Davies Veterinary Specialists, a small animal referral practice based near Hitchin in Hertfordshire, is celebrating the skills of vet nurses to celebrate Veterinary Nurse Awareness Month (VNAM) with a series of free, practical first aid videos for pet owners.
VNAM was celebrated by the vet nurse profession throughout the month of May to showcase the varied role of the vet nurse.
Presented by registered veterinary nurse (RVN) Danielle Banks, the six videos provide an insight into the highly skilled role of an RVN at a busy veterinary referral centre, and include practical hints and tips for pet owners.

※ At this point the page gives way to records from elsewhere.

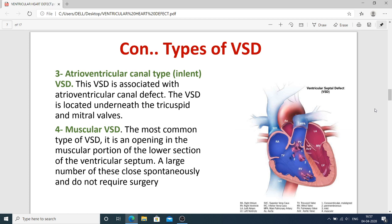The third type is atrioventricular canal type VSD, which is present near the connection of the right atrium and right ventricle. This VSD is associated with the atrioventricular canal defect and is located underneath the tricuspid valve. The fourth type is muscular VSD, which is the most common type. It is an opening in the muscular portion of the lower section of the ventricular septum, and a large number of these close spontaneously and do not require surgery.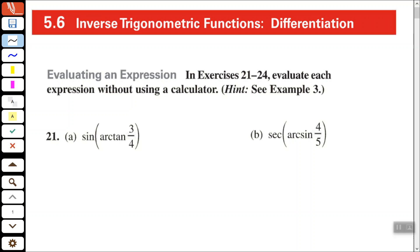Hey my friend, Arthur Morris here. In this video we're going to look at the inverse trigonometric functions and differentiation.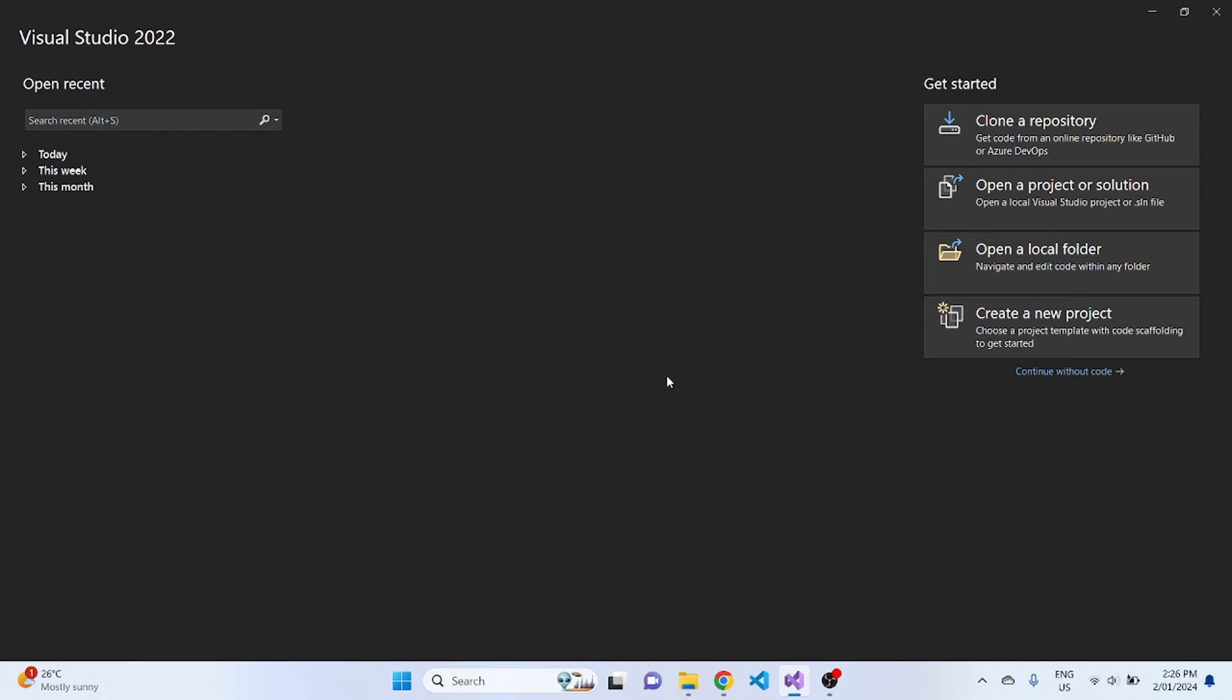Hey guys, what's up? Welcome back to my channel. In today's video, I will show you how to create a new project under your main .NET project and reference it to that main project.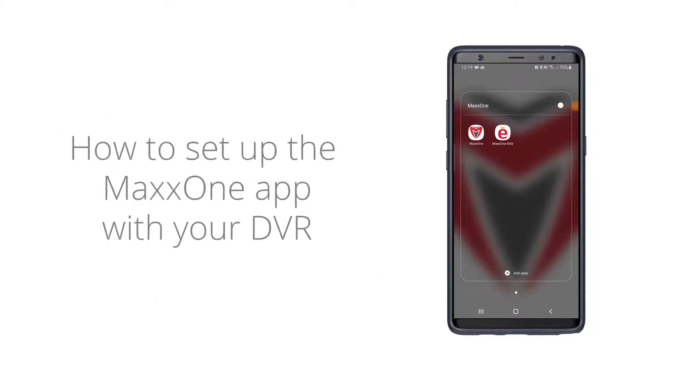Okay, so in this tutorial I'm going to show you how to link your mobile app to your recorder so you can view your cameras on your mobile device.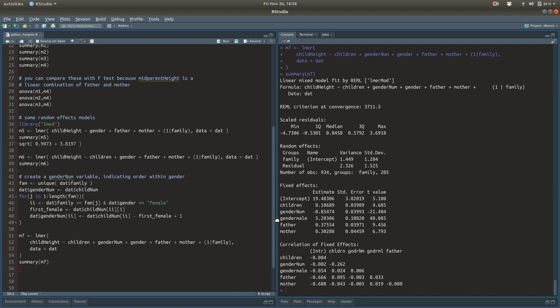So what does this mean? Given knowledge of father's height, mother's height, sex of the child, and the total number of children in the family, each successive child within a family of a fixed size is about 0.854 inches shorter than the previous child. That seems almost too large to be true, but that's what the estimate gives us. That wraps up our analysis of the Galton Families data — you could use this to predict the heights of children in a family.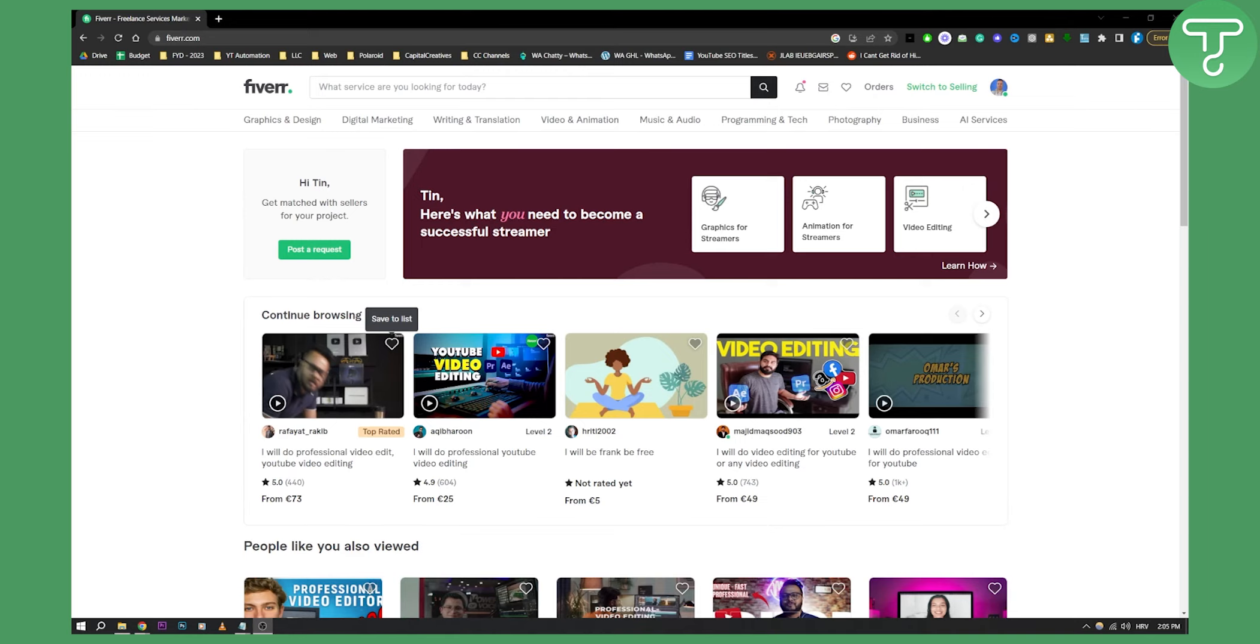So three strategies again: get people to your gig from external sources. It could be Google, Instagram, LinkedIn, TikTok, whatever - make sure that people are coming to your gig every single day, every single week.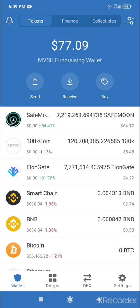This wallet you've seen on the stream is for my alma mater, Mississippi Valley State University. If you appreciate this video tutorial — since I'm a Safe Moon, Elongate, or whatever holder — sending some to my wallet would be appreciated.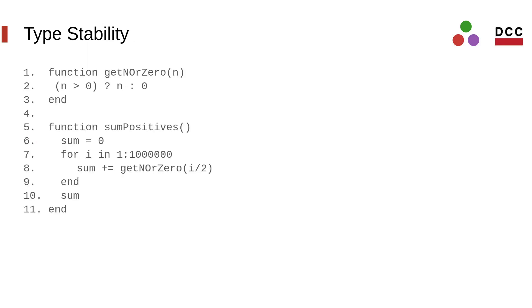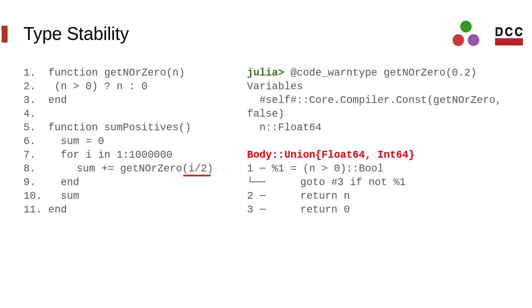Typing precision may have significant impact on the performance of Julia programs. In this example, the function getNorZero receives a number and it returns the same number if it's greater than 0 or 0 otherwise. This function becomes type-imprecise when you call it at line 8. Although that function would never return 0 since we only provide arguments greater than 0 to it, this causes efficiency problems.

In the first episode, Danielle and her RVN colleagues Hannah Perry and Nichole Neate explain the role of a referral nurse. Further episodes guide dog and cat owners through some of the practical skills needed as a pet owner, such as what to do in a first aid situation, how to handle and examine a pet safely, and how to administer medication effectively.
Tim Richardson, managing director of Davies, says: “Registered veterinary nurses are the beating heart of Davies and we would not be able to function without them. We are proud to celebrate VNAM with our new video series, which not only showcases the outstanding skills of our RVN team, but also provides pet owners with numerous important practical nuggets of information and know-how to help them cope in a first aid crisis.”
Top first aid tips
Danielle, Hannah, and Nichole’s first aid tips to help you care for your pet in an Emergency include:
1. Keep calm — an animal will pick up on your distress and make it more difficult to manage the situation.
2. Keep a first aid kit at home and a small one with you for when you are out and about.
3. Find out about your veterinary practice’s out of hours care and ensure you have the vet’s number on your phone.
4. Your safety is paramount, don’t put yourself in danger to provide first aid.
5. Be aware, animals may become aggressive if in pain or distress. It may be necessary to restrain the animal to provide first aid.
6. Never administer drugs to your pet unless directed to do so by your vet.
7. Use advice from friends and the internet with caution, and always seek professional advice.